The firm will ignore the bull case of the GE’s free cash flow “since it probably wouldn’t be viewed as credible,” said DeBlase, adding that she sees “execution mishaps” from CEO Larry Culp’s strategy review as a key risk moving forward, as well as outside factors like an economic downturn, or geopolitical instability.
Culp was appointed as GE’s new CEO on October 1. At that time, management said the company would take a $23 billion goodwill writedown on its struggling power business, and that it remains committed to strengthening its balance sheet by ways which include deleveraging.
Shares rallied by more than 20% after Culp’s promotion, as investors looked past the company’s lagging power business, price-cost pressures compounded by US-China tariffs, and behind-schedule deliveries of its LEAP engine.
However, GE’s stock has been under pressure recently, trading at post-financial crisis lows, after the conglomerate reported disappointing quarterly results, slashed its dividend to a penny, and said that the recent writedown of its power business was being investigated by federal regulators.

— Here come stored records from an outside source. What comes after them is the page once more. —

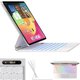 thumbnail image 1 of Funda para iPad Air 13 con teclado Snugg y soporte para Apple Pencil, 1 of 8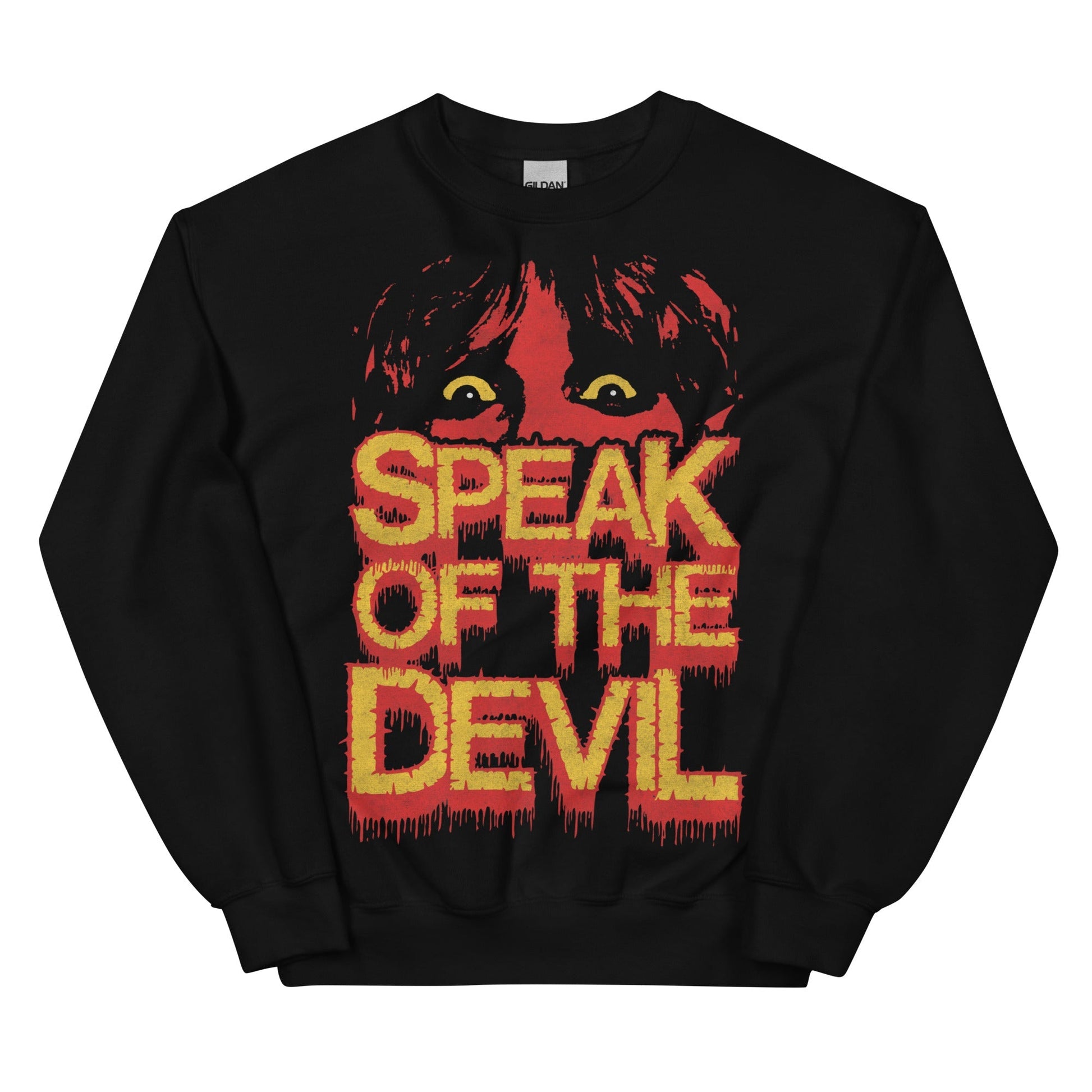 Ozzy Osbourne Ozzy Osbourne - Speak of the Devil Vintage Sweatshirt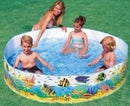Piscina Infantil 500 Litros para Crianças e Família - Resistente e Fácil de Montar!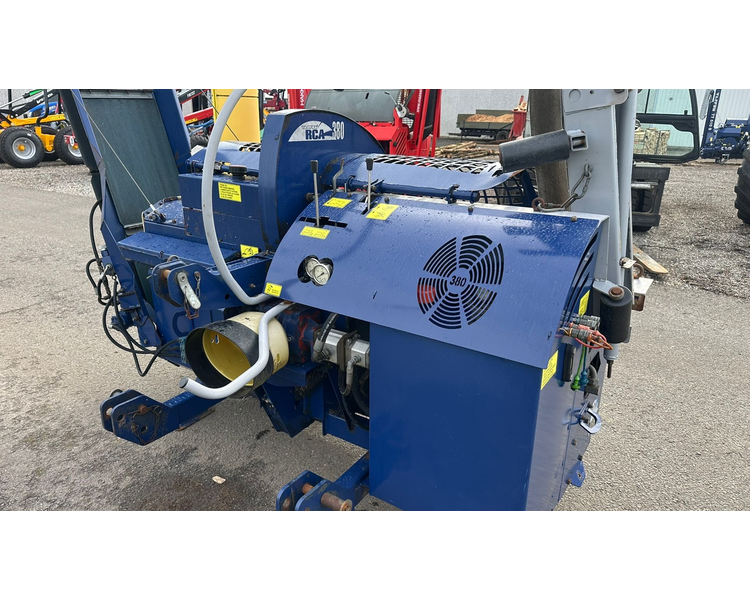 Tajfun RCA 380 RCA 380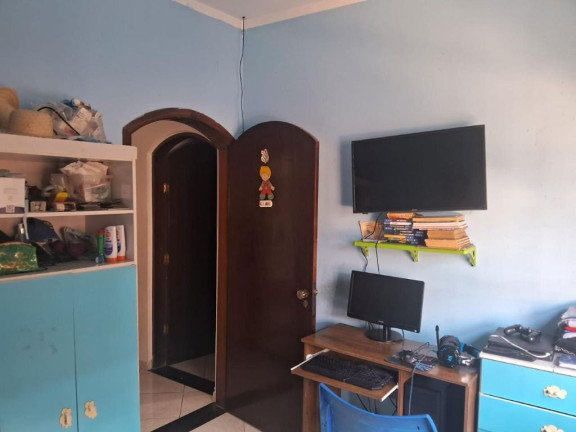 Imagem Casa com 3 Quartos à Venda, 129 m² em Jardim Míriam - Suzano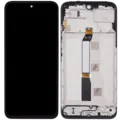 LCD Assembly With Frame For Xiaomi Redmi 15 4G / Poco M7 4G (Refurbished) (All Colors)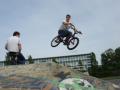 Yann Guegan - VTT et BMX Bretagne - creation site itnernet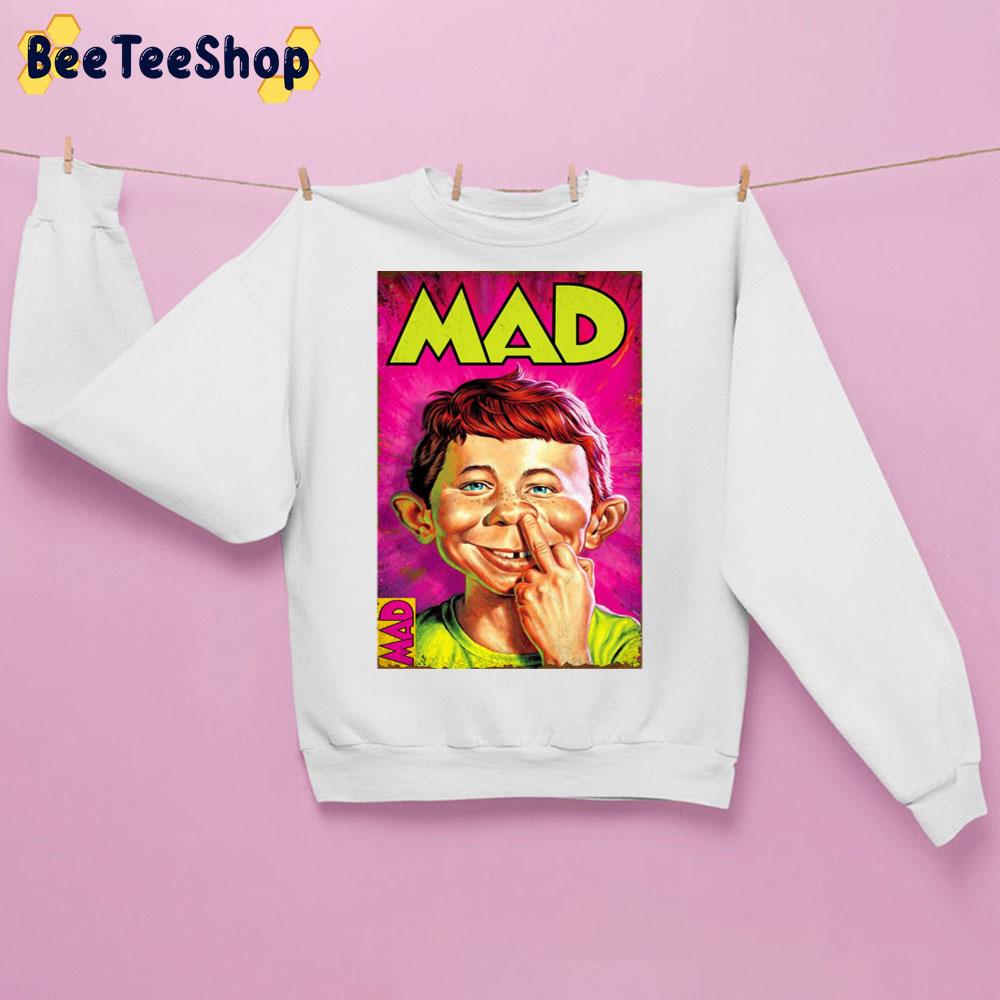 Mythical Mad Magazine Trending Unisex Sweatshirt Mythical Mad Magazine Trending Unisex Sweatshirt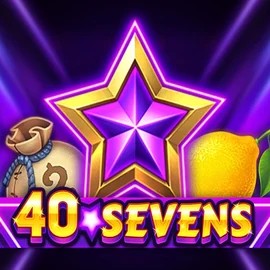 40 Sevens online game logo by Apparat Gaming on gransincasino.com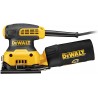 Lijadora Orbital de 1/4 hoja 230W 14.000 DeWALT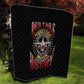 Red Tails Tuskegee Airmen Quilt Black History Fighter Plane Patriotic Tribute - African Pride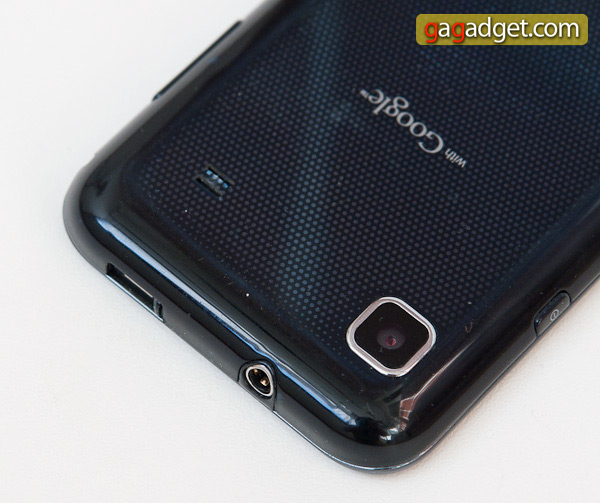 Обзор Android-смартфона Samsung Galaxy S (GT-i9000) -20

In order to increase investor confidence, GE management has been speeding up efforts to reduce debt by selling assets. Two weeks ago, GE announced plans to expedite efforts to sell a $4 billion stake in the oilfield-services provider Baker Hughes. Additionally, its finance arm, GE capital, sold a $1.5 billion healthcare equipment finance portfolio to US lender TIAA Bank.
With these efforts, there could be “positive trends in the company’s Power business, upside to debt reduction targets, improved margin dynamics in the company’s renewable energy business, general economic strength,” making it unlikely that company will have “a liquidity crisis,” DeBlase said.
By her calculation, in the most likely scenario, GE could see about $0.34 a share of free cash flow in 2019 and $0.25 in 2020.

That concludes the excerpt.